Kindness, which is simply maturity, ends in sweetening natures originally more acid than Bloch’s, and is as prevalent as that sense of justice which, if we are in the right, should make us fear a prejudiced judge as little as one who is our friend. And Bloch’s grand-children would be well-mannered and discreet from birth. Bloch had perhaps not reached that point yet. But I remarked that he who formerly affected to be compelled to take a two hours’ railway-journey to see someone who hardly wanted to see him, now that he received many invitations not only to luncheon and to dinner but to come and spend a fortnight here and there, refused many of them without talking about it or boasting he had received them.
Discretion in action and in words had come to him with age and social position, a sort of social old-age, one might say. Undoubtedly Bloch was formerly as indiscreet as he was incapable of kindness and friendly service. But certain defects and certain qualities belong less to one or another individual from the social point of view than to one or another period of his life. They are almost exterior to individuals who pass through the projection of their light as at varying solstices which are pre-existent, universal and inevitable. Doctors who want to find out whether a particular medicine has diminished or increased the acidity of the stomach, whether it quickens or lessens its secretions, obtain results which differ, not according to the stomach from the secretions of which they have extracted a little gastric juice, but according to the effects disclosed at an early or late stage through the action of the medicine upon it.

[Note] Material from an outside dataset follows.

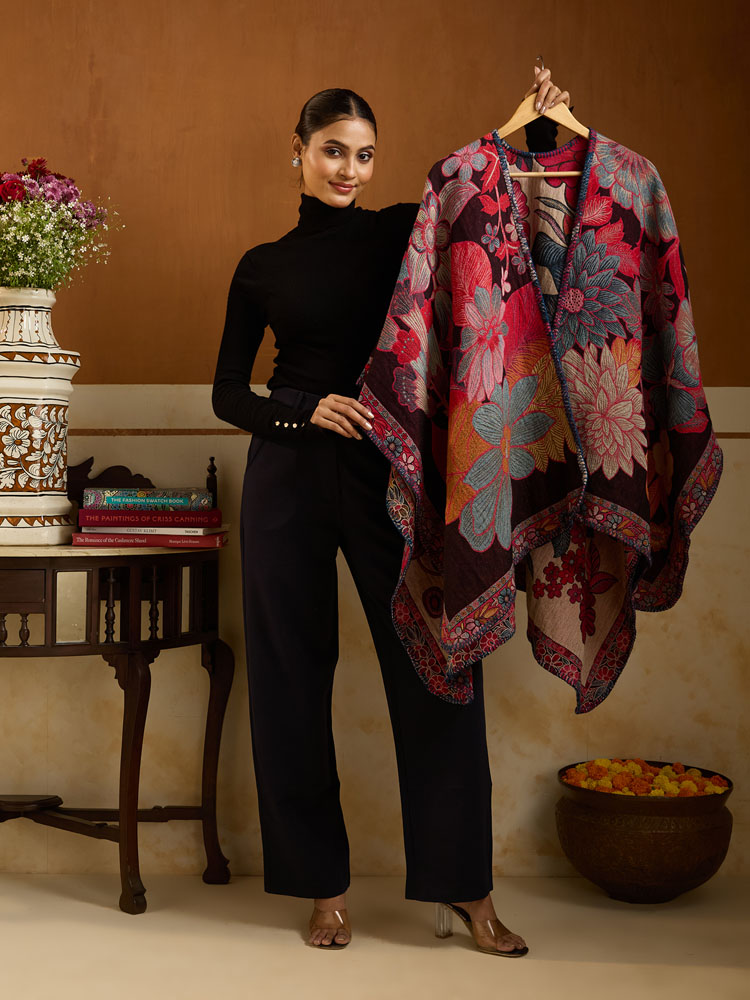 ImageFloral Grande Boho Cape – Multi, Beige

Thus at each of the moments of its duration the name of Guermantes considered as a unity of all the names admitted within and about itself suffered some dispersals, recruited new elements like gardens where flowers only just in bud yet about to replace others already faded, are indistinguishable from the mass which seems the same save to those who have not observed the new-comers and keep in their mind’s eye the exact picture of those that have disappeared.
More than one of the persons whom this afternoon party had collected or whose memory it evoked, provided me with the successive appearances he had presented under widely dissimilar circumstances. The individual rose before me again as he had been and, in doing so, called forth the various aspects of my own life, like different perspectives in a countryside where a hill or a castle seems at one moment to be to the right, at another to the left, to dominate a forest or emerge from a valley, thus reminding the traveller of changes of direction and altitude in the road he has been following.
As I went further and further back I finally discovered pictures of the same individual, separated by such long intervals, represented by such distinct personalities, with such different meanings that, as a rule, I eliminated them from my field of recollection when I believed I had made contact with them, and often ceased believing they were the same people I had formerly known. Chance illumination was required for me to be able to attach them, like in an etymology, to the original significance they had for me. Mlle Swann throwing some thorny roses to me from the other side of the hedge, with a look I had retrospectively attributed to desire; the lover, according to Combray gossip, of Mme Swann, staring at me from behind that same hedge with a hard look which also did not warrant the interpretation I gave to it then and who had changed so completely since I failed to recognise him at Balbec as the gentleman looking at a notice near the casino, and whom I happened to think of once every ten years, saying to myself: “That was M. de Charlus, how curious!”, Mme de Guermantes at Dr. Percepied’s wedding, Mme Swann in pink at my great-uncle’s, Mme de Cambremer, Legrandin’s sister, who was so smart that he was afraid we should want him to introduce us to her, and so many more pictures of Swann, Saint-Loup, etc. which, when I recalled them, I liked now and then to use as a frontispiece on the threshold of my relations with these different people but which actually seemed to me mere fancies rather than impressions left upon my mind by the individual with whom there was no longer any link.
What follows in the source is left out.